### SUPPLIED RECORDS
|---|
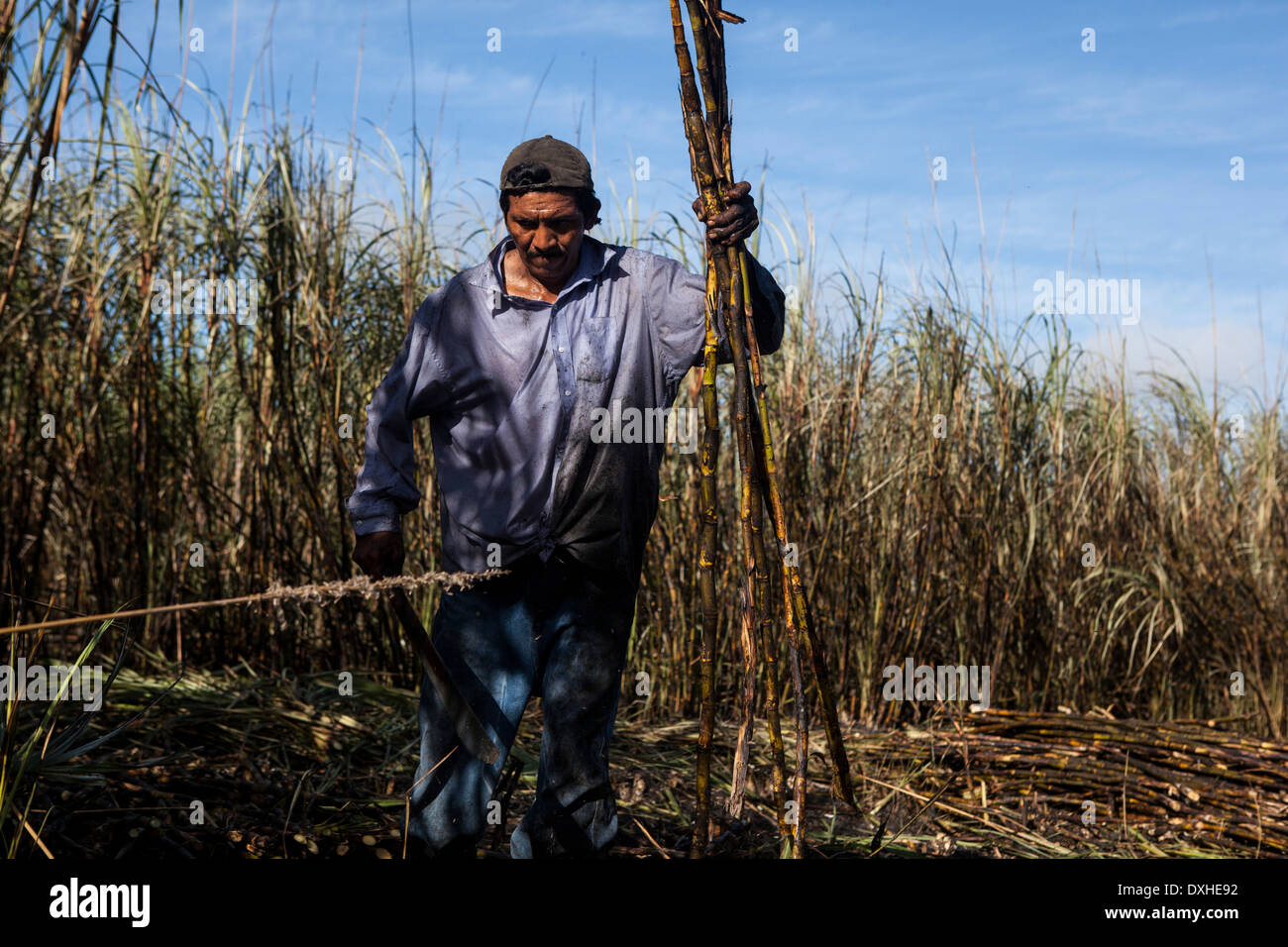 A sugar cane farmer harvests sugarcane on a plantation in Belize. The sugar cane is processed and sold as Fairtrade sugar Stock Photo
|---|
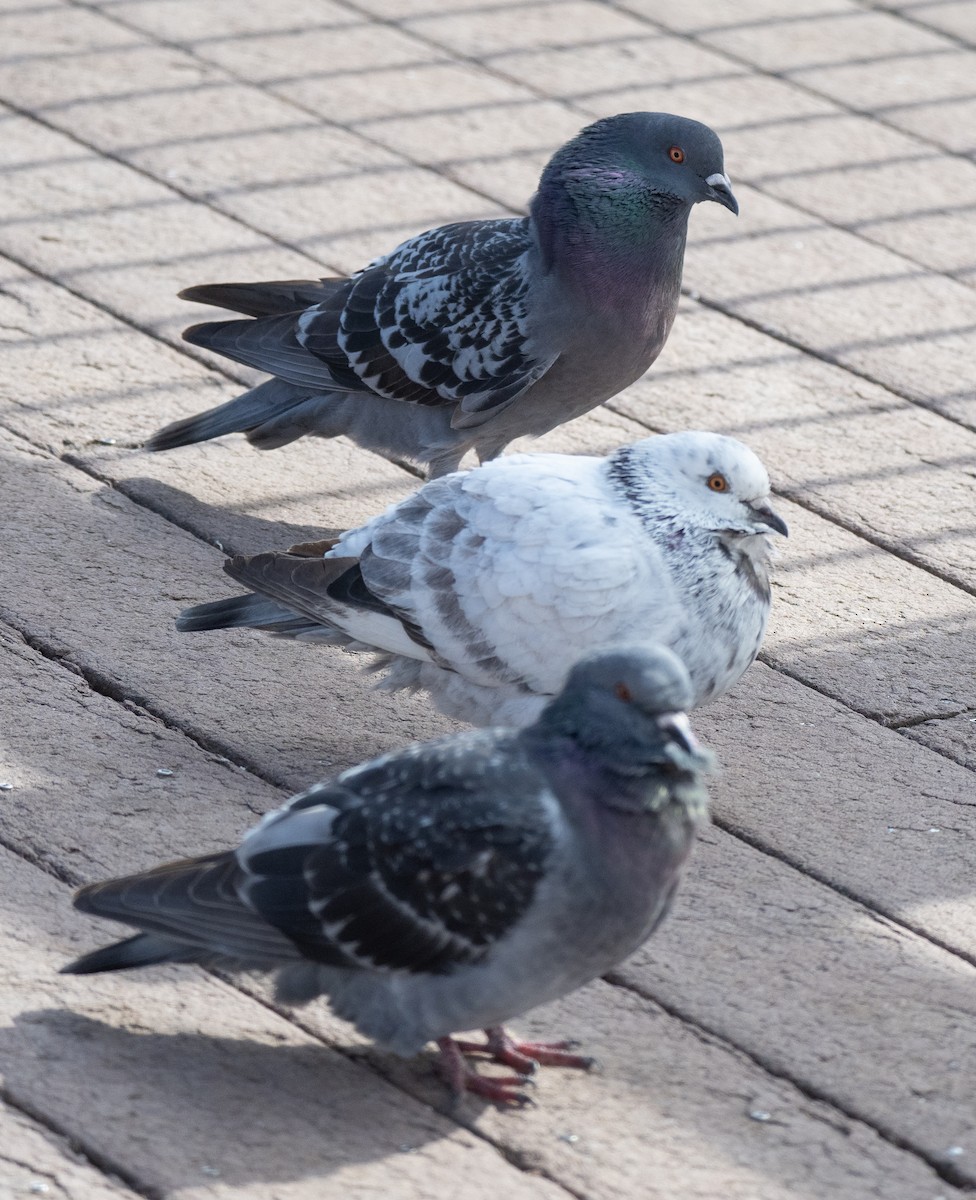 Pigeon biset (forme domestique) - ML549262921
|---|
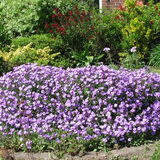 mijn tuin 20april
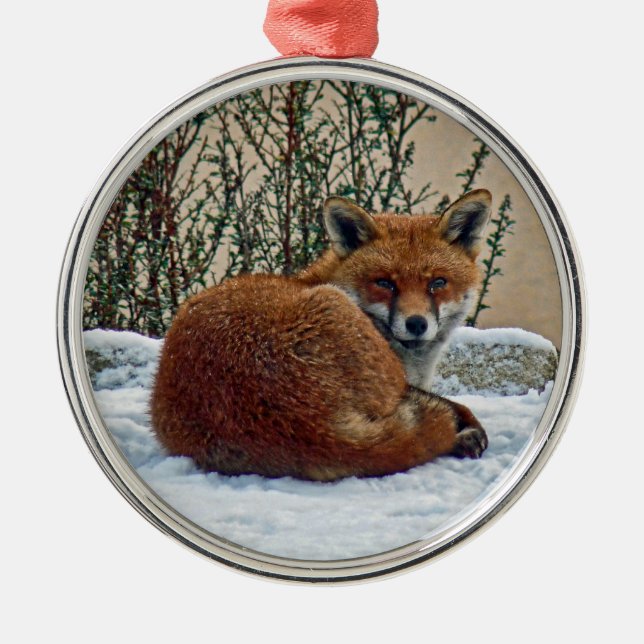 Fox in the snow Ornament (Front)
|---|
### WHAT IS BEING ASKED
For the material above, give again only the lines starting at the line that contains "mijn tuin 20april" and ending at the line that contains "Fox in the snow Ornament (Front)". Pictures do not belong in the copy.

### COMPLETED TASK
 mijn tuin 20april
 Fox in the snow Ornament (Front)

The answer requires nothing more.